BRIEF: Return exactly the lines of the data below, from the one that contains "RVS BIRDLAND STAYCATION - Housity" through the final line, and leave out every picture.

INFORMATION:
───
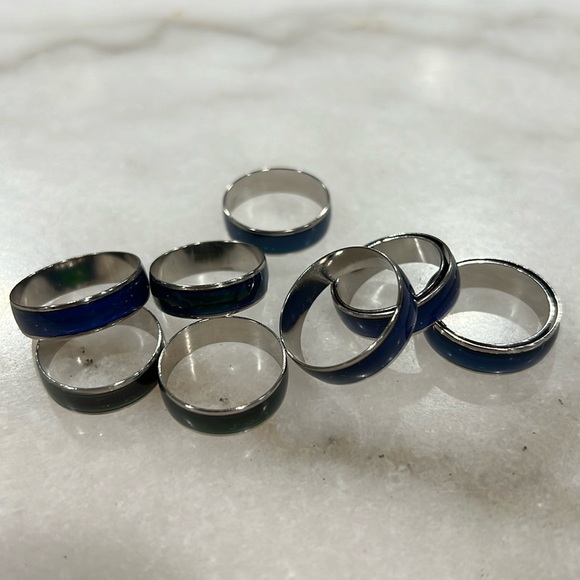 10PC Color Changing Mood Ring Set - Picture 1 of 6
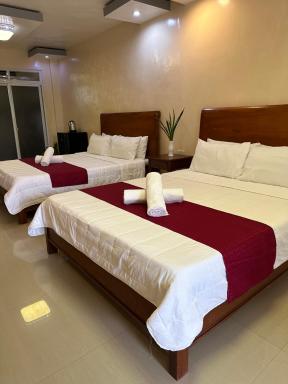 RVS BIRDLAND STAYCATION - Housity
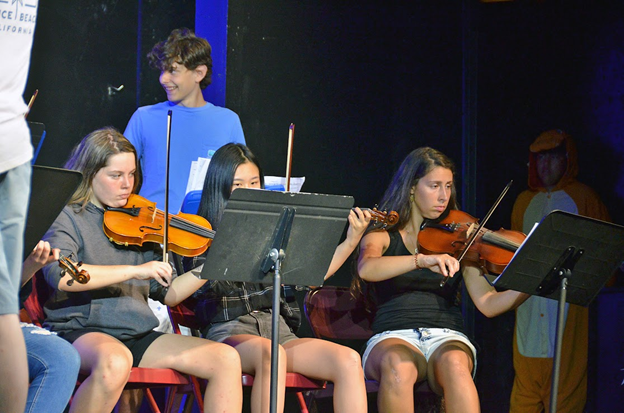 kids-violins – Long Lake Camp For The Arts A group of teenagers playing their violins
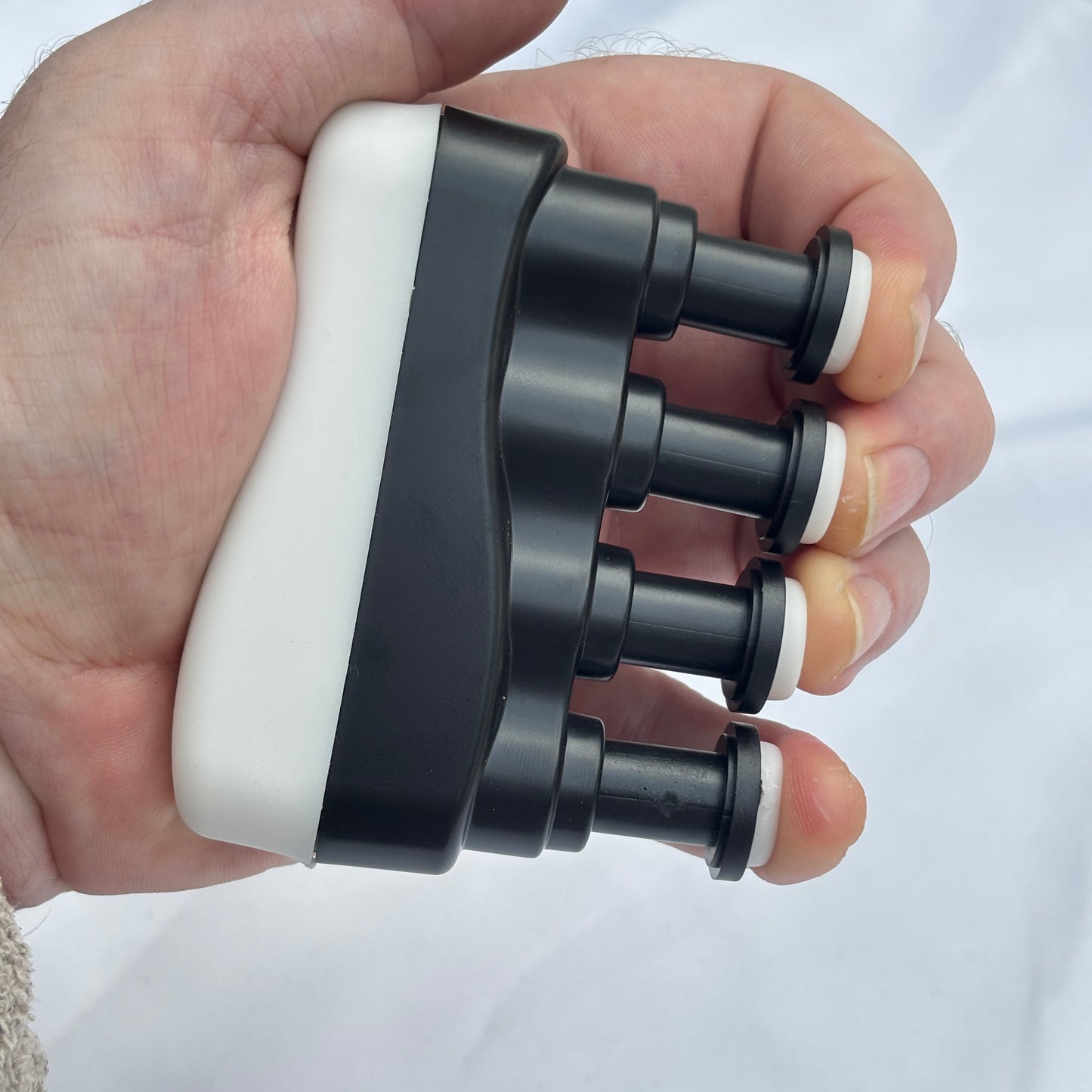 Four Button Guitar Finger Independence & Strength Trainer - Black | Guitars Limited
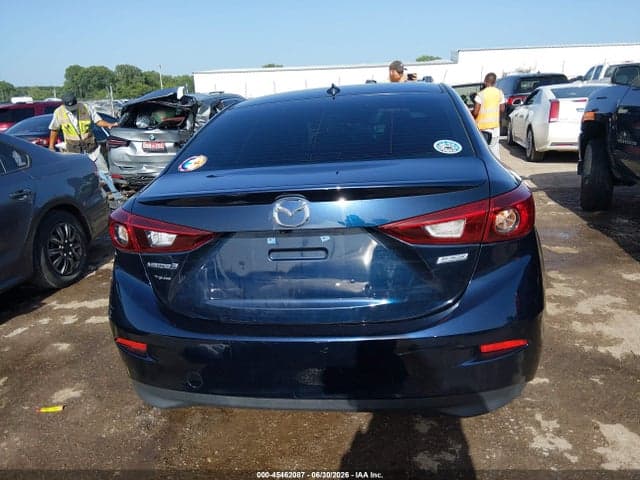 2018 MAZDA MAZDA3 TOURING 16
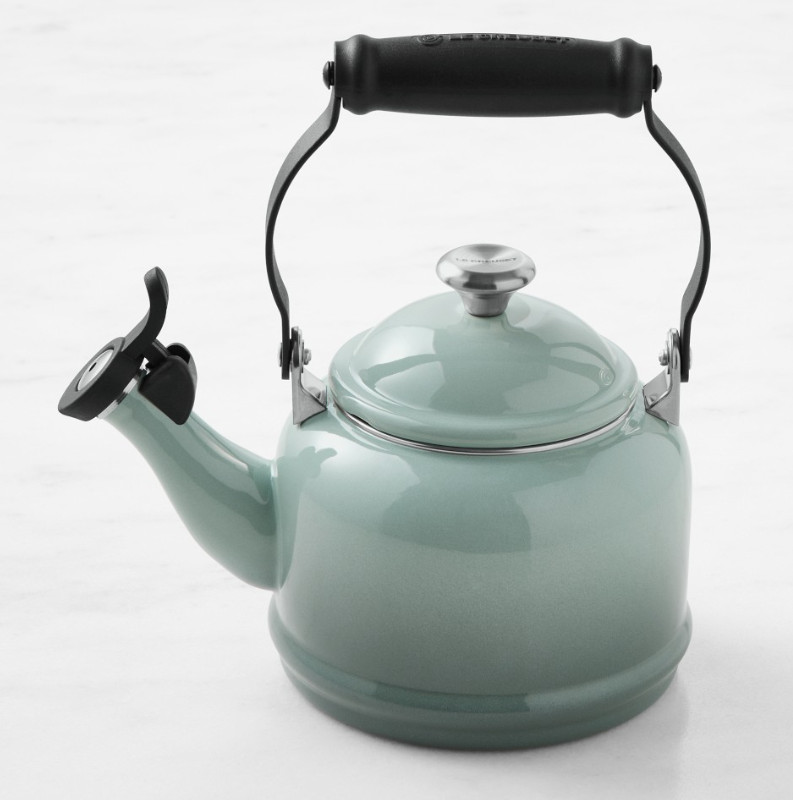 Le Creuset Classic Demi Tea Kettle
───
EXERCISE RESPONSE:
 RVS BIRDLAND STAYCATION - Housity
 kids-violins – Long Lake Camp For The Arts A group of teenagers playing their violins
 Four Button Guitar Finger Independence & Strength Trainer - Black | Guitars Limited
 2018 MAZDA MAZDA3 TOURING 16
 Le Creuset Classic Demi Tea Kettle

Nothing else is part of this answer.